What a year this week has been

Three weeks ago I was flying back from my Intentional Community retreat. I had spent the last 48 hours on the beach, setting big goals for the year ahead and thinking ambitious thoughts about what I would accomplish. Right at the top of the list, this was to be my year of health— of diet, of fitness, and of mind.

On my flight home, I started this blog or whatever to write about my Intentional Community and our retreats. What is this group, what exactly do we do on our retreats, and why they are so inspiring to me? I have written three of these posts, and I plan to write more. Later.

But my, how things have changed in three weeks.

How quaint it seems now, getting together in a house with friends. Oh, the simpler times when we didn’t need to think about epidemiology!

How naive, to plan our lives a year ahead — we even talk about decades sometimes, hah! — when now, each day we take fresh stock of our health, our jobs, and our legal right to go outside.

And how — just how, exactly — are we supposed to think about personal goals at a time like this? How can we focus on New Years resolutions with the loud clomping of the Four Horsemen galloping down our empty streets?


So, I’m going to pause for a moment writing on the Intentional Community. The timing doesn't seem right. We have a lot to figure out together, and I don’t know if our playbook looks the same anymore. Or maybe it's exactly the same and that's the whole point. We will certainly have a lot to talk about on our next monthly call.

In the meantime, this is still my year of health, I suppose. Even from the friendly confines of these four apartment walls, and even within the cadence of my new routine, my goals are still my goals and I’m going to try to make this work. I’ve even found a few small ways that this new status quo makes it easier to live the sort of life I want to live and be the person I want to be.
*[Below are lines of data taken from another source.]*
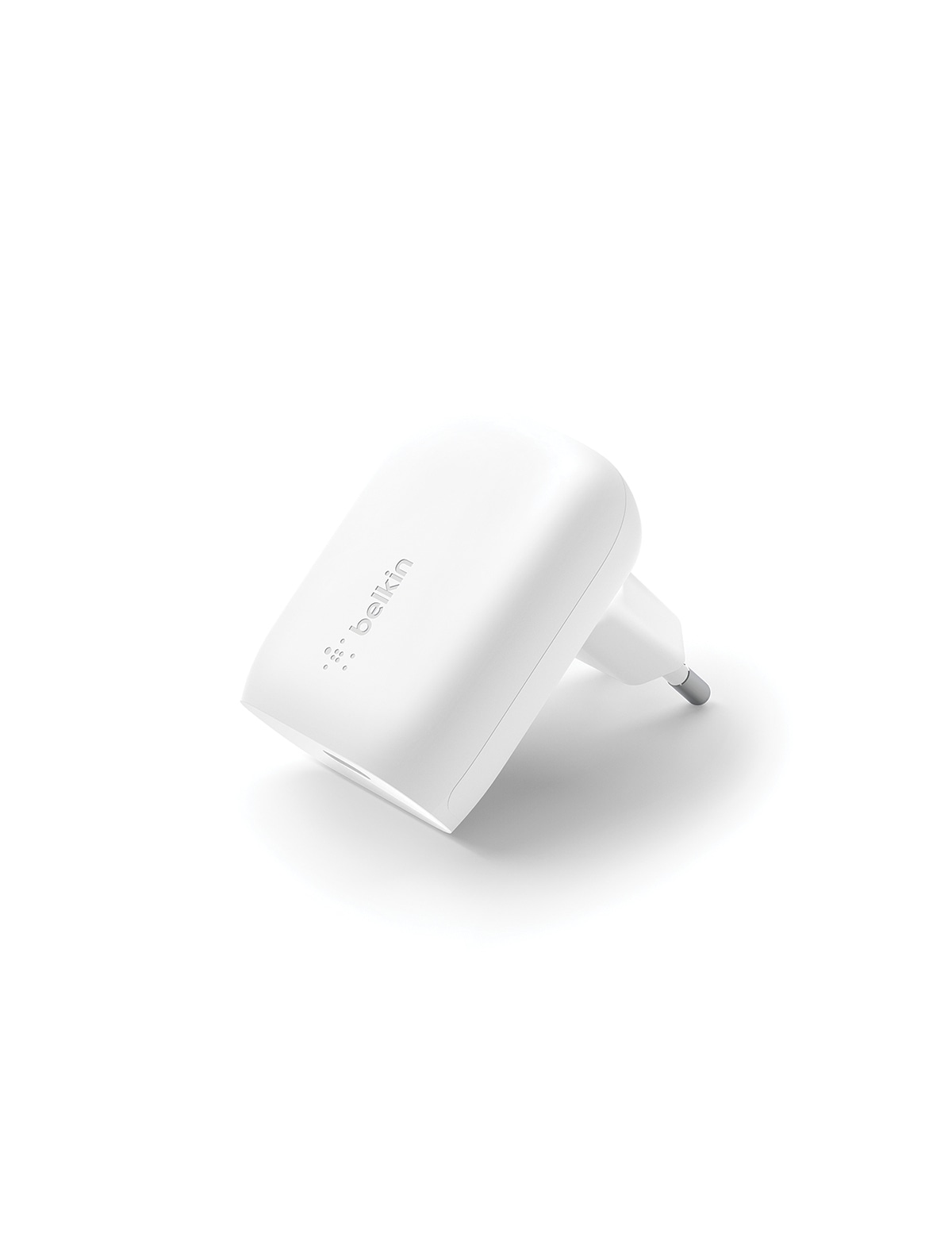 Belkin USB-Ladegerät »BoostCharge 30 Watt USB-C Ladegerät mit Power Delivery 3.0«, (Charger/Netzteil für iPhone, iPad, Samsung Galaxy/Note, Google Pixel)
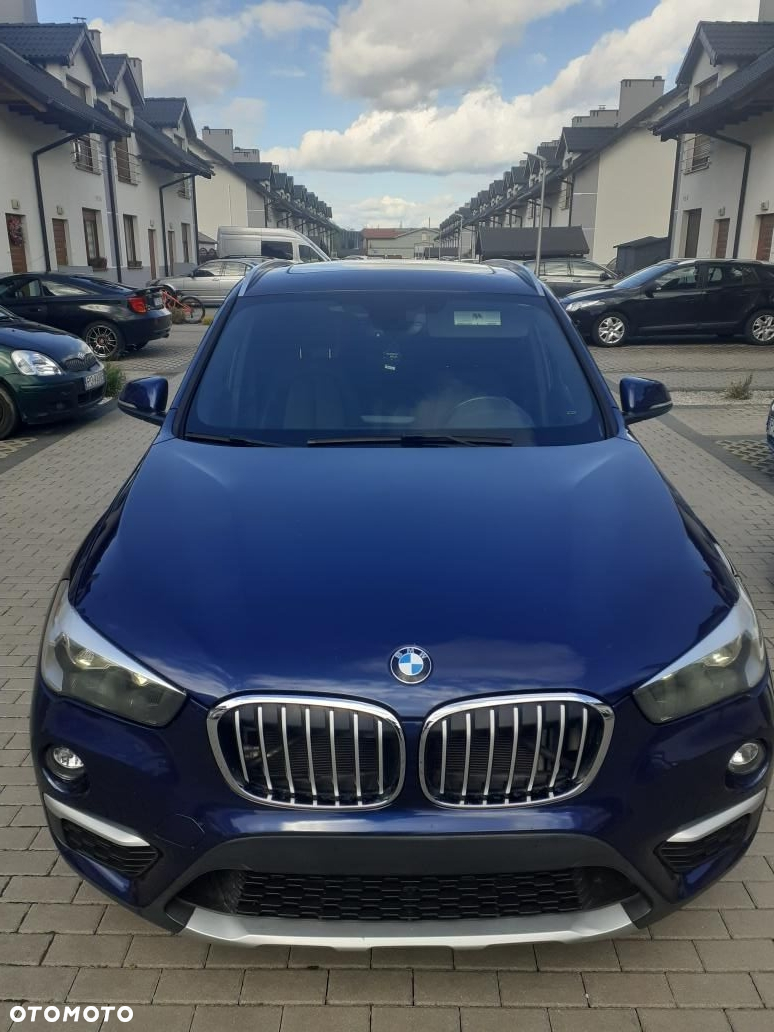 BMW X1 xDrive25i xLine - 3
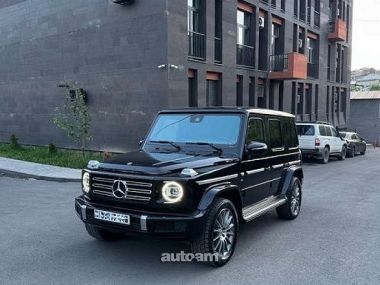 Mercedes-Benz G-Class  2019 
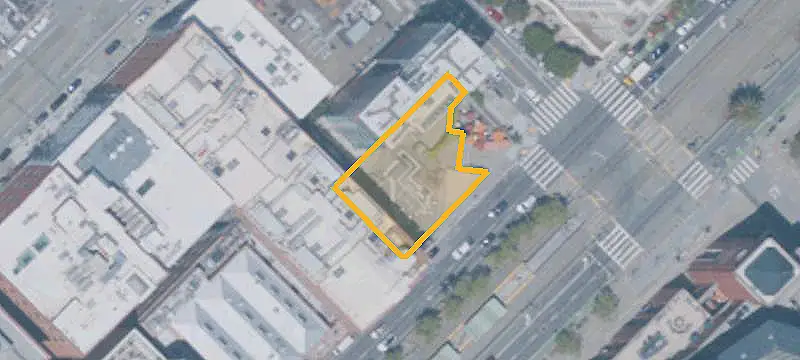 Restaurant Space with Hood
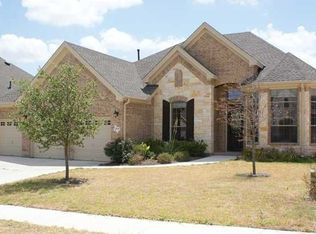 2809 Saint Rodrigo Ct, Round Rock, TX 78665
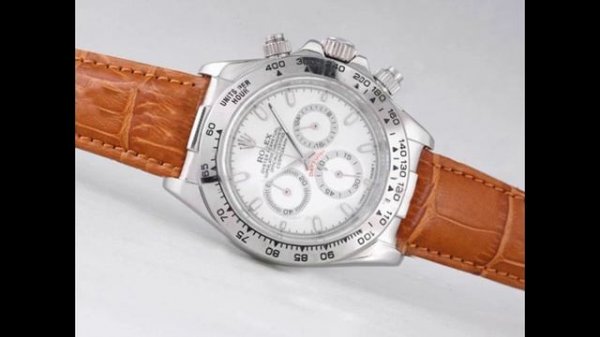 rolex daytona как заводить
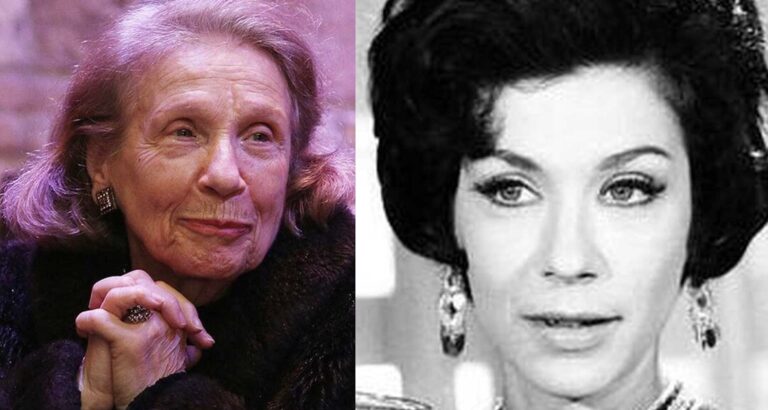 Μέλπω Ζαρόκωστα: Η σπάνια εμφάνιση της, οι φωτογραφίες με τον Σπύρο Μπιμπίλα από την επίσκεψη στο σπίτι της – Έτσι είναι σήμερα η 91χρονη ηθοποιός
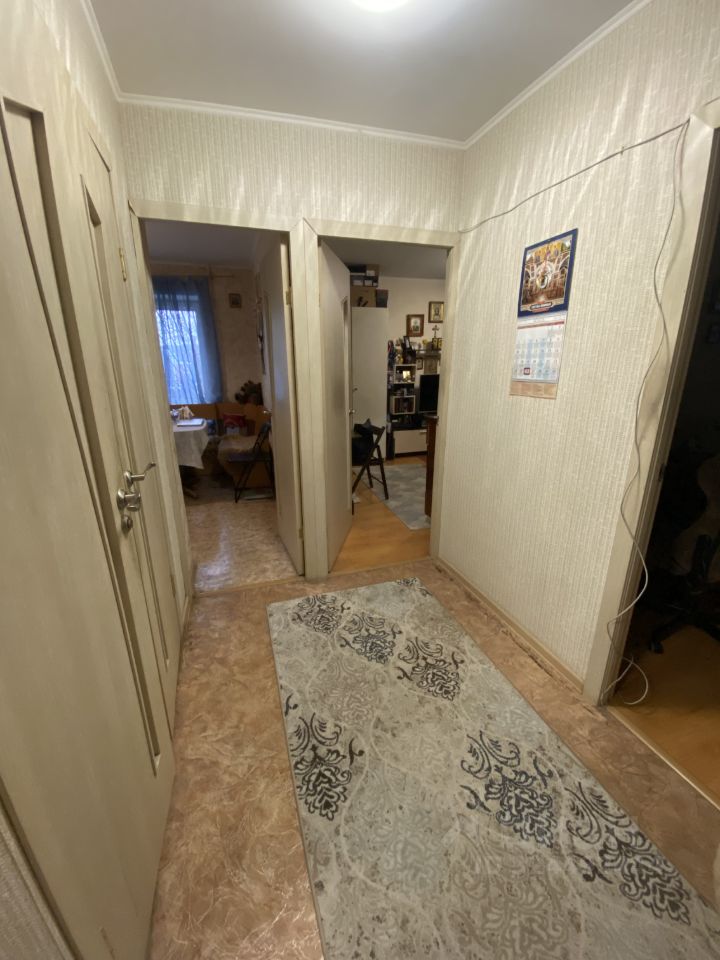 Продажа 2-комн квартиры на вторичном рынке 2-й Крестовский переулок, 8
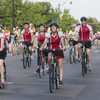 Team Buckeye had 2,339 members expected to exceed their $2.5 million fundraising goal.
I have figured out nothing, to be clear. But I’ll tell you what I’m doing for now.


Eating healthier.

Because the kitchen is, like, right there. Now that I am home all day, the fridge and pantry have become sources of joy and entertainment, not to mention my allies in the fight against carbs. Here are some of the rituals I’ve come to enjoy:

  • Pouring my morning cold brew from the fridge. With my Starbucks routine truncated, I now keep a 96 oz box of Wandering Bear on the top shelf. I have two backups in the cabinet. It’s the best cold brew I’ve found outside a coffee shop, and they ship it to my door, bless them.
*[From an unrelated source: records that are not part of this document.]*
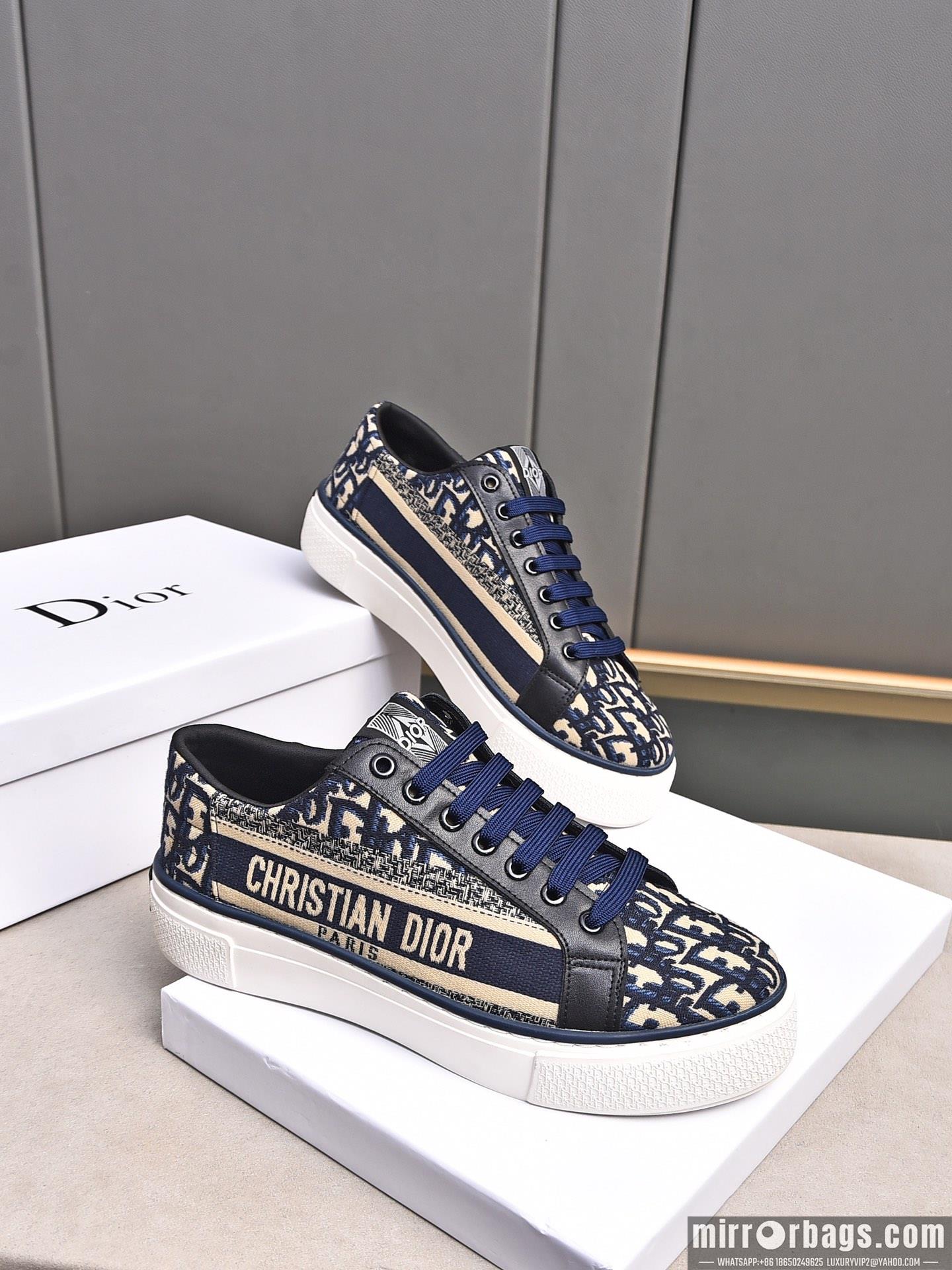Replica Dior Shoes sz38-44 hnh1212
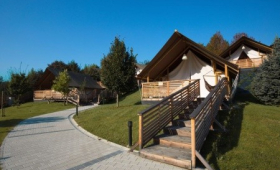 Bioterme Glamping Sun Valley Villas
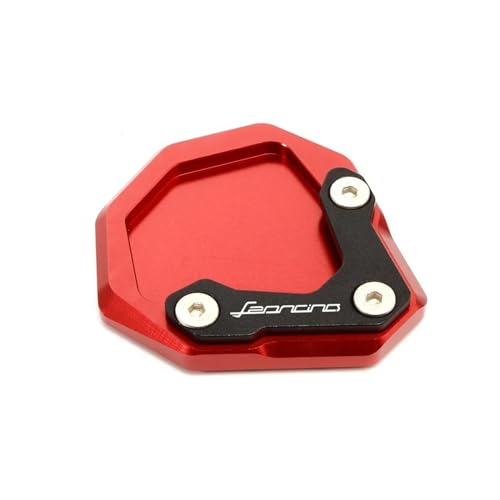 Accessoires moto béquille Leoncino 500 coussin support latéral CNC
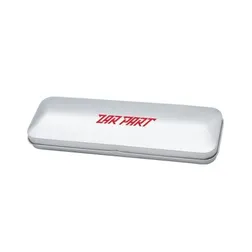 Brushed Metal Executive Pen Presentation Box
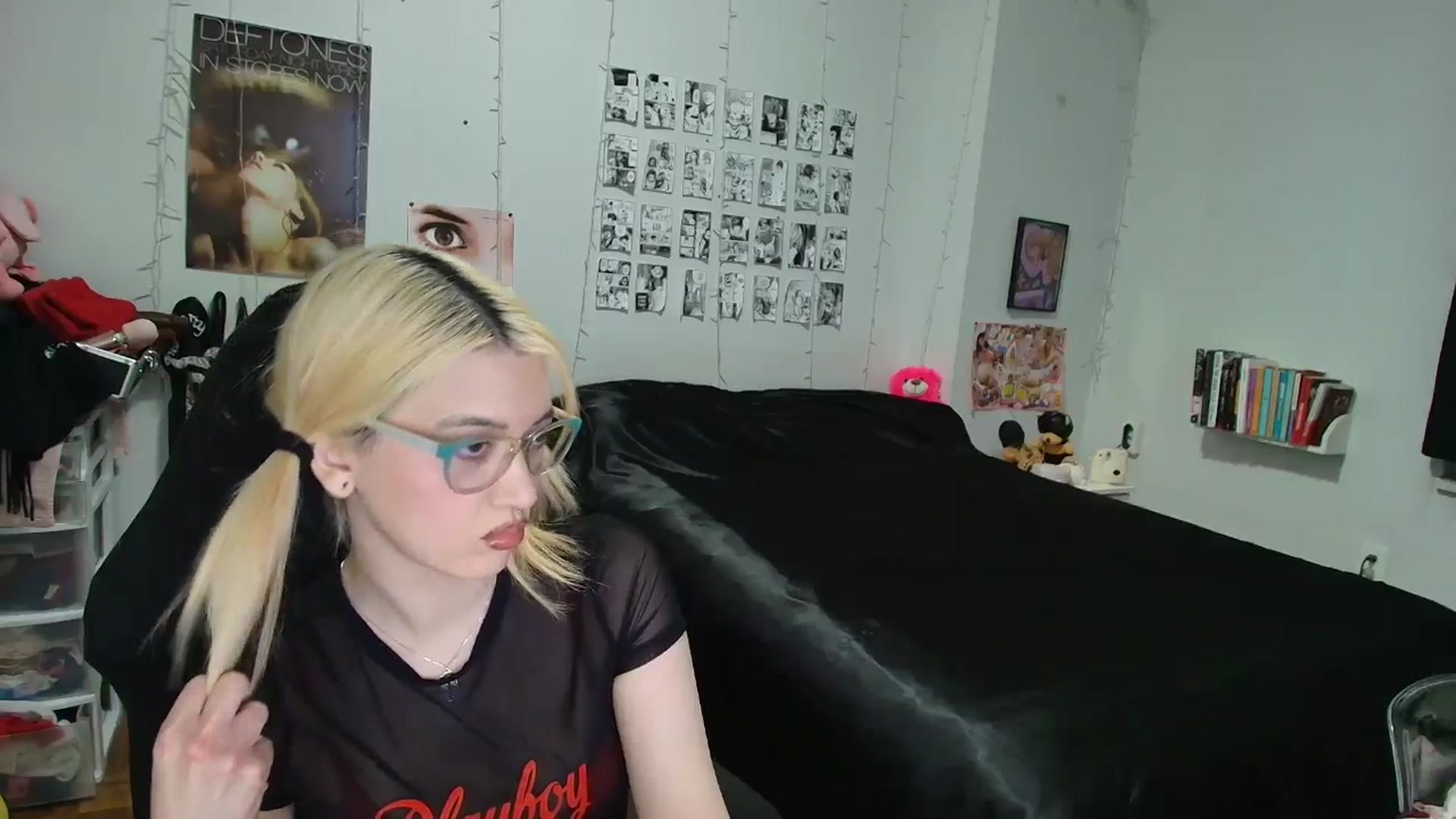 Gallery image thumbnail from AnnaTame's myfreecams stream on, 02/11/2026, 06:12 image 5 of 20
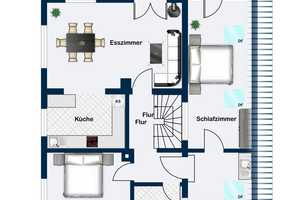 Charmantes Ein- bis Zweifamilienhaus mit Garten – Lörrach (Kreis) – Vorschaubild 18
  • Eating when I’m hungry. For the first time in my life, I’m eating in smaller portions, when I'm hungry, like you are supposed to. The fridge is never more than 20 feet away, so there’s no need for “just in case” eating like I usually do.

  • Cooking slow and low. If I’m going to be home all day anyway, why not have the oven at 250 degrees and the scent of brisket or ribs wafting across my desk.

  • Scrambling every damn thing. Brisket scrambled eggs. Pesto scrambled eggs. Chinese shrimp and veggie stir fry scrambled eggs. I’ve never been so excited for breakfast.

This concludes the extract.